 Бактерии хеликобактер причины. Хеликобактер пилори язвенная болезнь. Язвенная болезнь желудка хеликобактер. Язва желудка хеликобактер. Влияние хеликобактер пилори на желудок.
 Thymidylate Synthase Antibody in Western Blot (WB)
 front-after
==
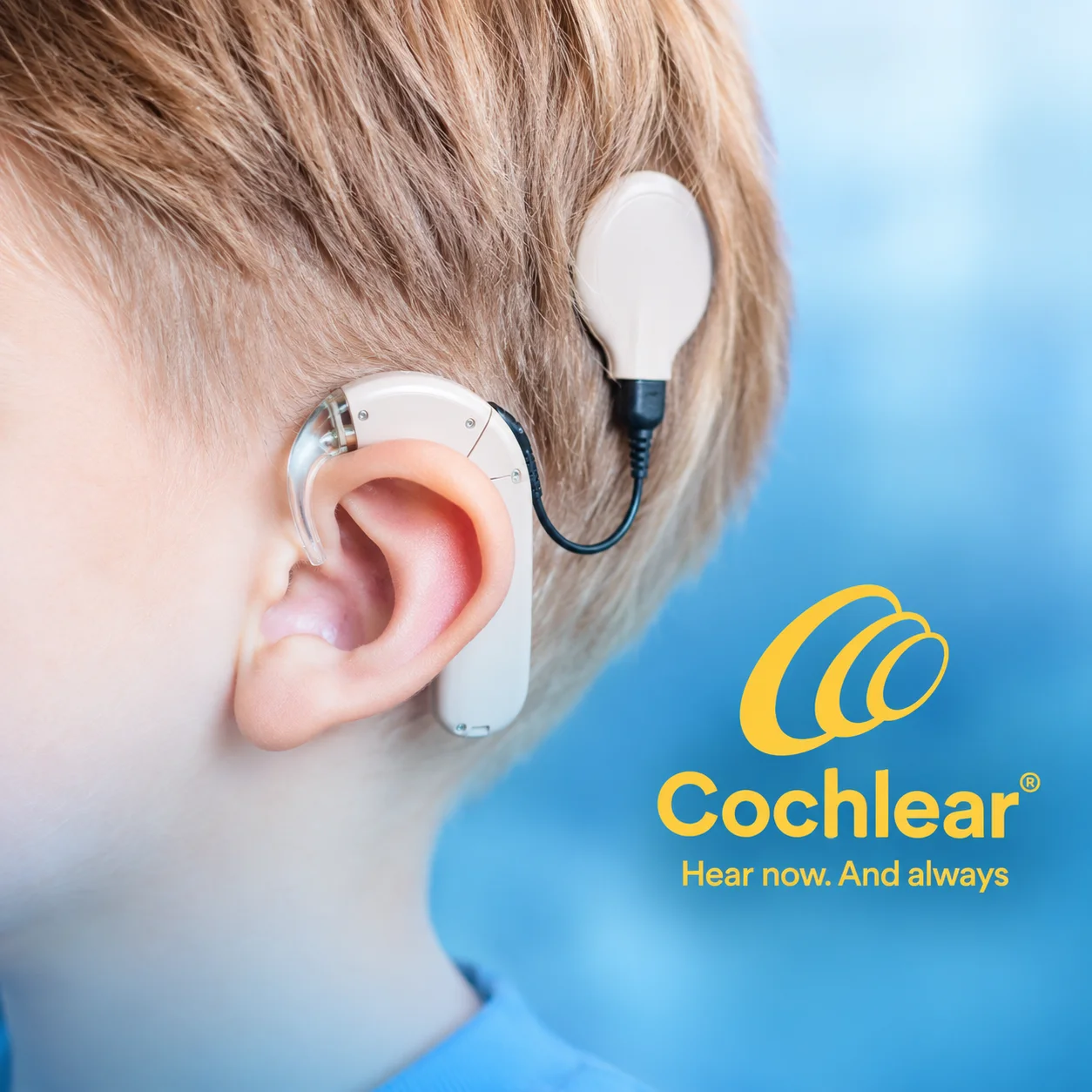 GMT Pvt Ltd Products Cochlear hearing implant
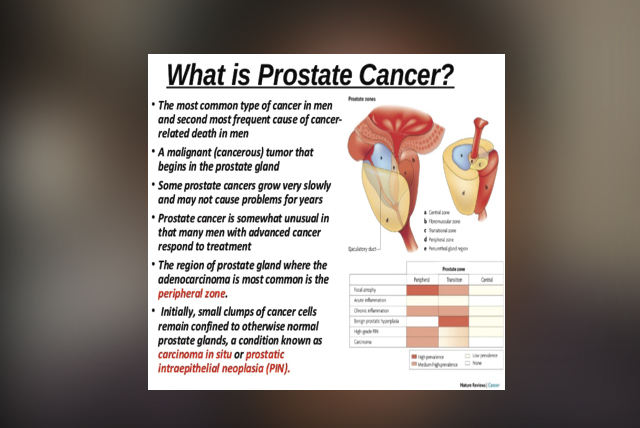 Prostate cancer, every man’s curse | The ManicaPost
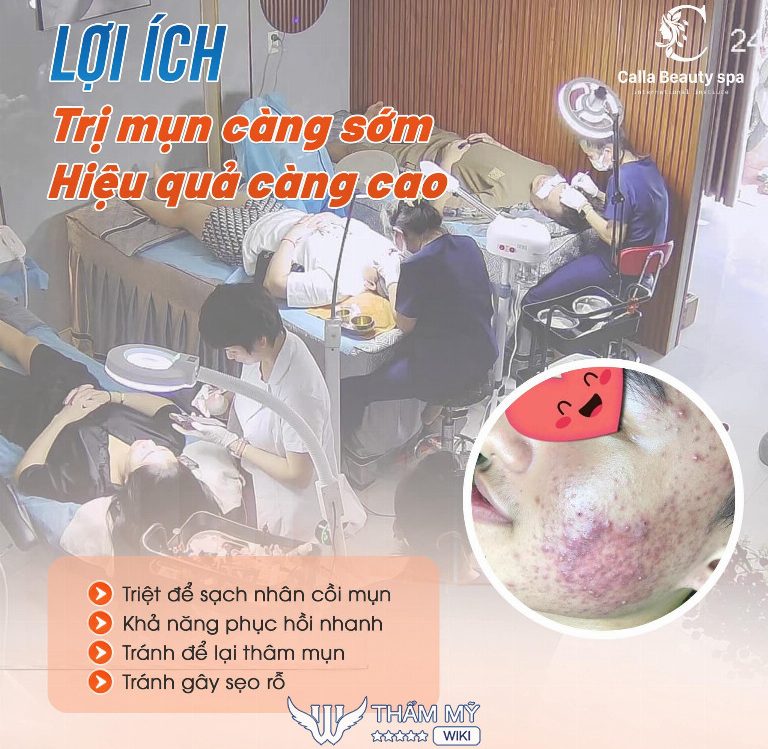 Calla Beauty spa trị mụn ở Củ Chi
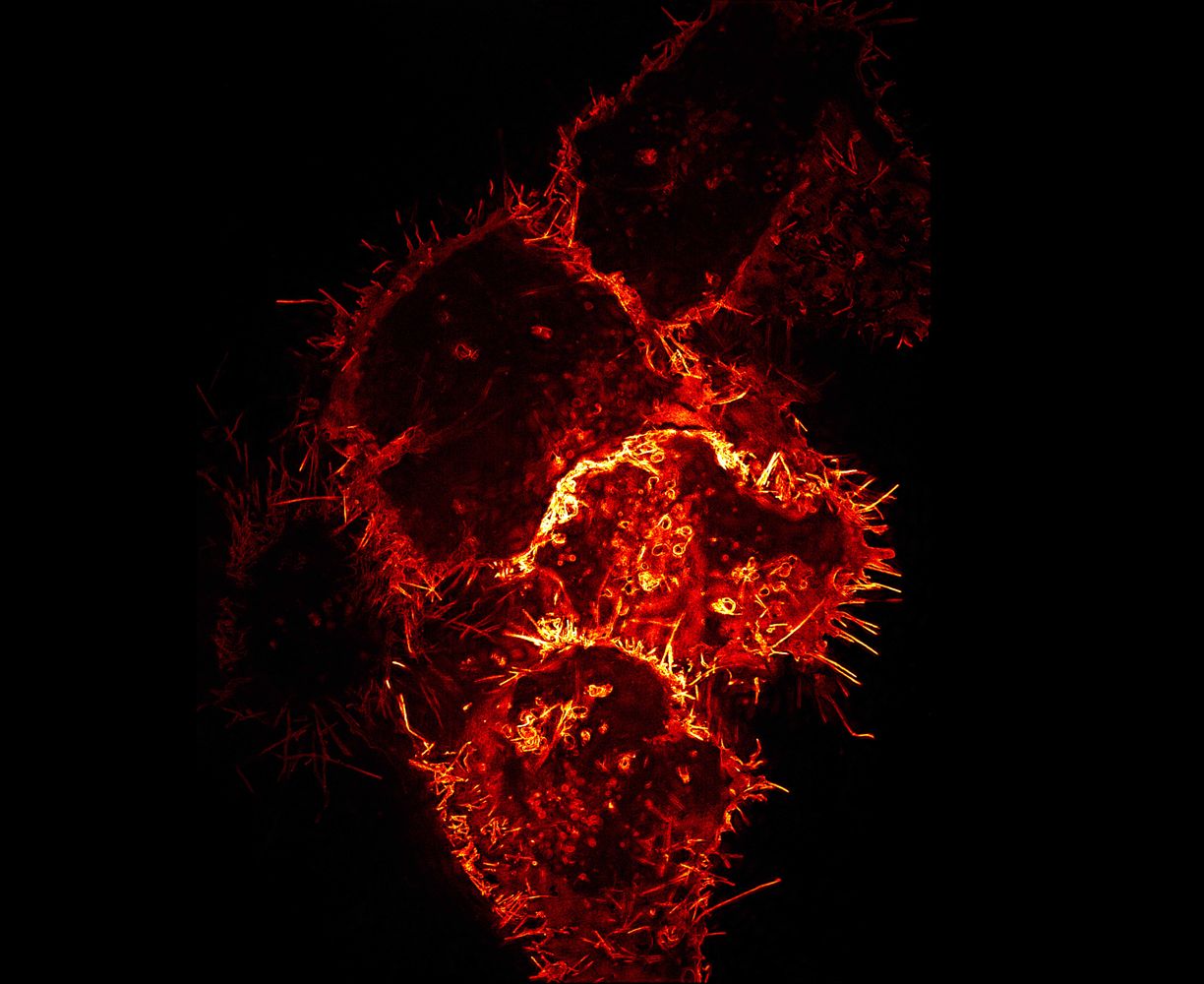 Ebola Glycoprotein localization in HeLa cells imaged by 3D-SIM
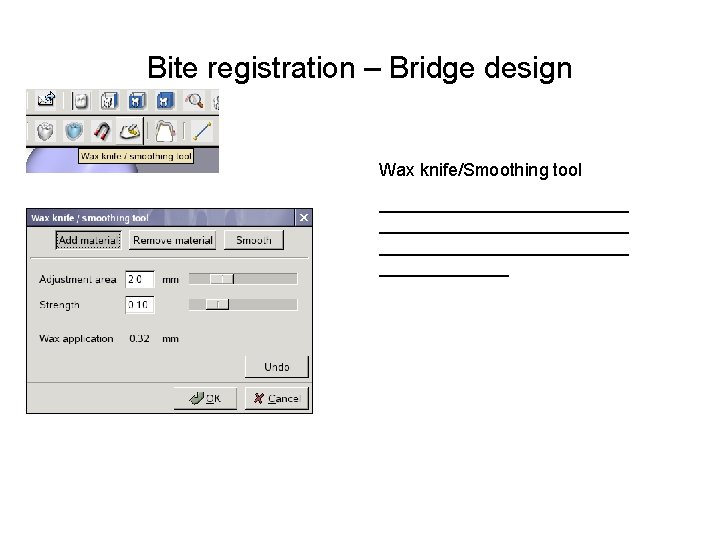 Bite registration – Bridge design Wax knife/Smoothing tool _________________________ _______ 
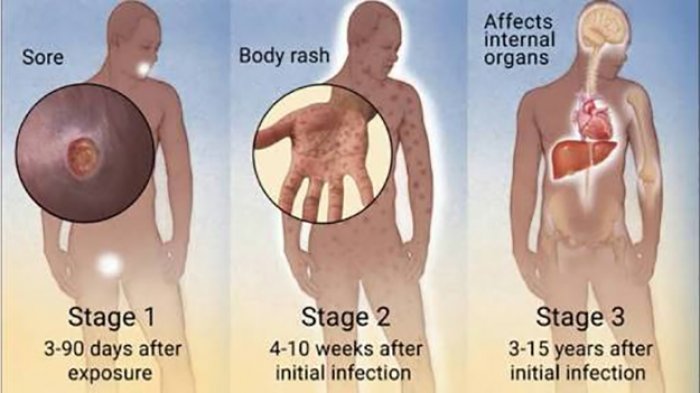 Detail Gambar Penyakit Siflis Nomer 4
* * *
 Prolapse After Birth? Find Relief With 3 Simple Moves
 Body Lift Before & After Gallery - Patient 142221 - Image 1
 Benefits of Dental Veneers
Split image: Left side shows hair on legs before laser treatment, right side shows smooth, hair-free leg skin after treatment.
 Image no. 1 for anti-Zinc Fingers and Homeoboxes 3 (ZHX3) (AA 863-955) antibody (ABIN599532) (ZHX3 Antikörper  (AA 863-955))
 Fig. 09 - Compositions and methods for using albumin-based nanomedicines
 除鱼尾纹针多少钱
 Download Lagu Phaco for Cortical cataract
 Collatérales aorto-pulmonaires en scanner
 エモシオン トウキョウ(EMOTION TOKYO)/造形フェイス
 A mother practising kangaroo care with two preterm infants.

Goal of the exercise: Please reproduce, exactly as they appear above, the lines from the line containing "Download Lagu Phaco for Cortical cataract" up to and including the line containing "A mother practising".

Exercise solution:
 Download Lagu Phaco for Cortical cataract
 Collatérales aorto-pulmonaires en scanner
 エモシオン トウキョウ(EMOTION TOKYO)/造形フェイス
 A mother practising kangaroo care with two preterm infants.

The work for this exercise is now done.